それとも、それだけのことだから、いけないのか。

作者のメッセージというのは詰まるところ上の言葉に集約されているでしょう。
「退屈な日常を生きろ」ということなのでしょうが、作品では、
その退屈な日常と緊張感あふれた鮮やかな空の世界が対比させられています。
その天上の世界はおそらく作者の欲望がストレートに傾けられた世界であって
人間のエロスとタナトスが稀有に昇華されるような世界でもあり、
作者はそこに見るものを誘い込もうとしているようです。
確かに甘美な世界ですが、少し危険なにおいも感じます。
しかも、この物語における「退屈な日常」というのが
機械仕掛けのオルゴールのように永遠に繰り返される無限ループとして設定されています。
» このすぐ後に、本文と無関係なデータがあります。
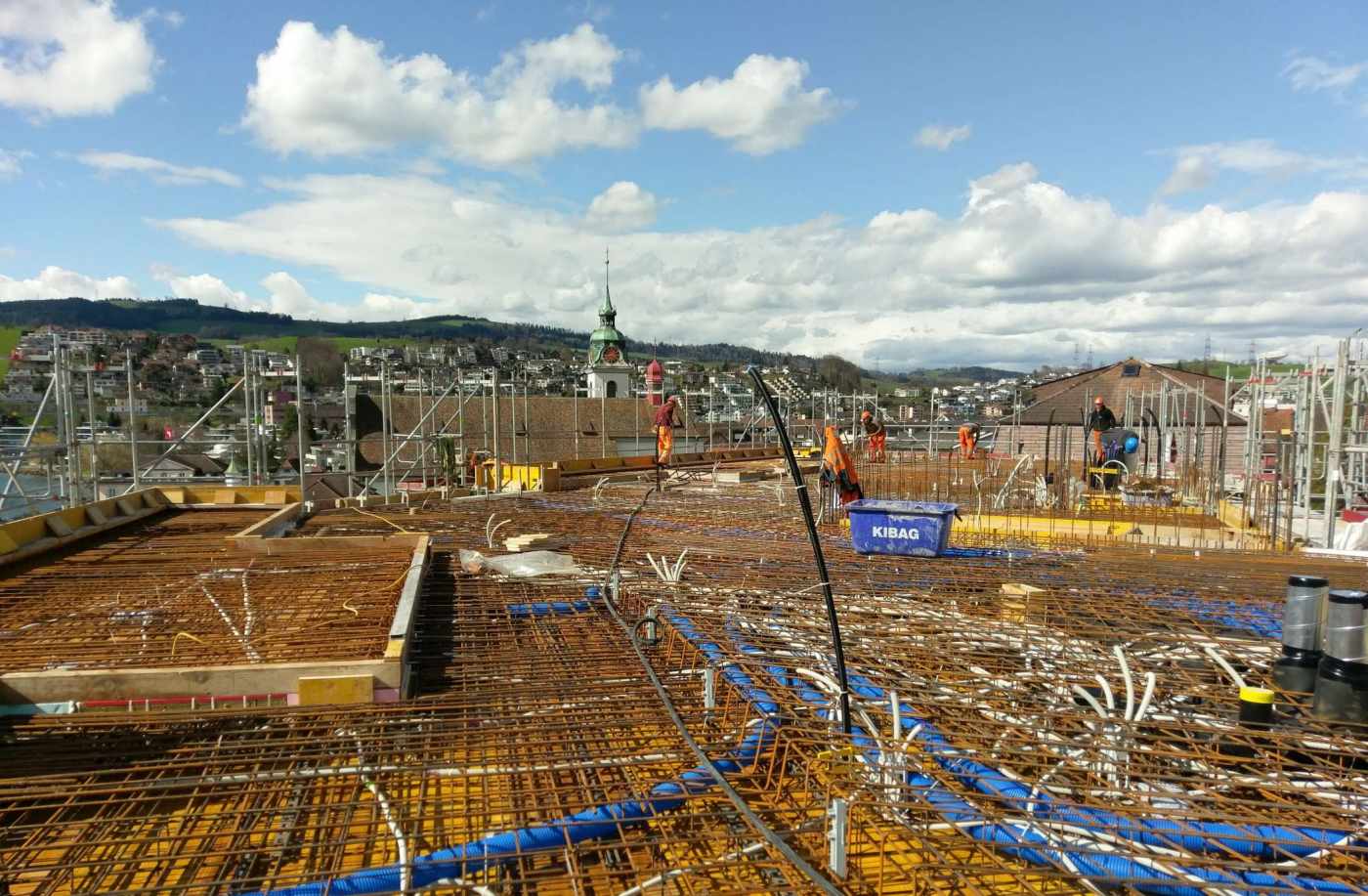 Neubau MFH Grepperstrasse 22,
6403 Küssnacht, Projekt und Baukontrolle Tragstruktur in Massivbauweise, Projekt und Baukontrolle Schutzraum, Projekt und Baukontrolle Stützmauer Garnhänkiweg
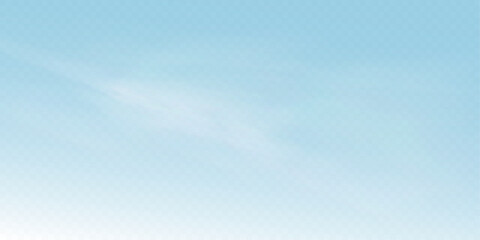 Gentle Morning Sky with Soft White Clouds and Transparent Blue Gradient Atmosphere for Peaceful, Dreamy, and Calm Background Design or Natural Scene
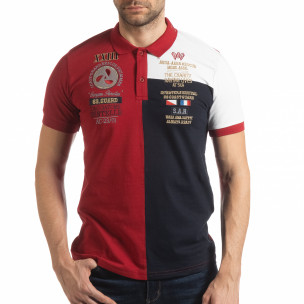 Tricou cu guler RBW Marine style pentru bărbați - FASHIONMIX.RO Tricou cu guler RBW Marine style pentru bărbați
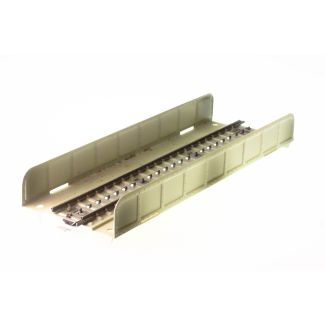 MÄRKLIN 7161 Vollträgerbrücke aus Blech mit geradem Punktkontaktgleis (1957-1969)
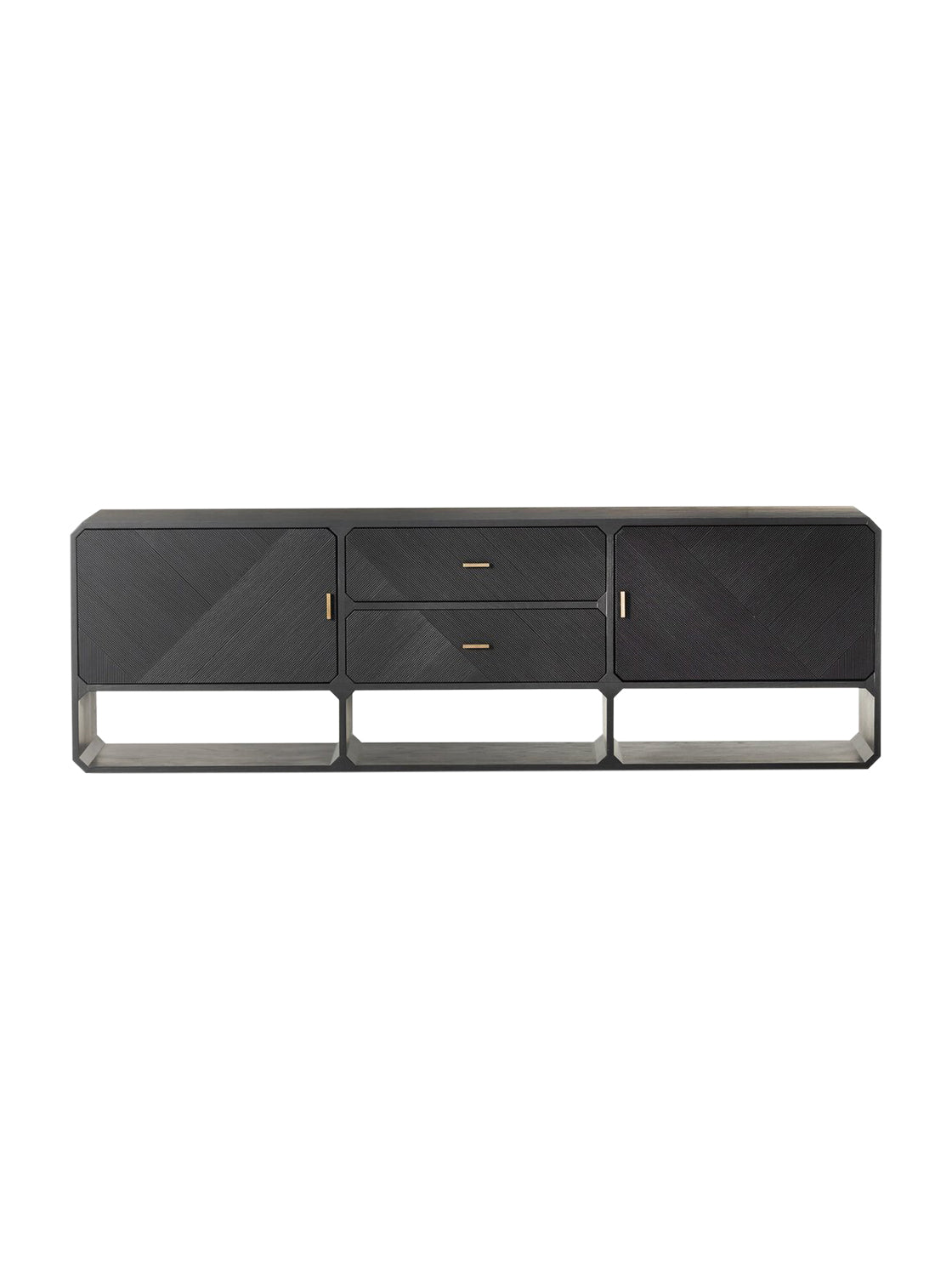 Micah Media Console - Ash Wood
この世界のキルドレたちは、つかの間の生や恋や死を繰り返す。
生は繰り返されても、結局それは無時間性の中の生であって、
それゆえにキルドレ達のおかれた境遇の残酷さが際立つのですが、
このような俯瞰的な視点に立たされてしまうと、
「いつも通る道だからって、景色は同じじゃない」という
彼ら一人一人の生の内実や風景といったものと隔たってしまう。
この世界の中で、水素だけが繰り返される彼らの生を俯瞰する立場にあります。
果たして彼女はこれまで一体何を見続け、何を見届けてきたのでしょうか。
大人とキルドレとの間で生き続ける、彼女のマージナルな立ち位置にあって
その彼女の瞳の奥底に湛えられた底知れぬニヒリズムによって
このかりそめの地上の世界は覆い尽くされているようです。
この映画が鬱な映画だといわれる所以はおそらくそこにあるのでしょう。
「退屈な日常を生きろ」というのは、
そんな「退屈な日常」でも、まがりなりにも一回限りのものだからこそ
いつも通る道だからって、明日も通れるとは限らない
だから、そのありふれた風景も
一度限りのものとして、この眼に焼きつけておくこと
雲間に垣間見える遠くの光を見つめ続けること
一度限りの出来事の、そのひとつひとつに含まれている永遠を感じること
私たちも含めてですが、今の若者たちに
この退屈な繰り返しの日常を営んでいく上で作法として必要なことは、
平たく言えば、対象への関心を持続しつつ、
それに真摯な眼差しを注ぎ続けていくことではないでしょうか。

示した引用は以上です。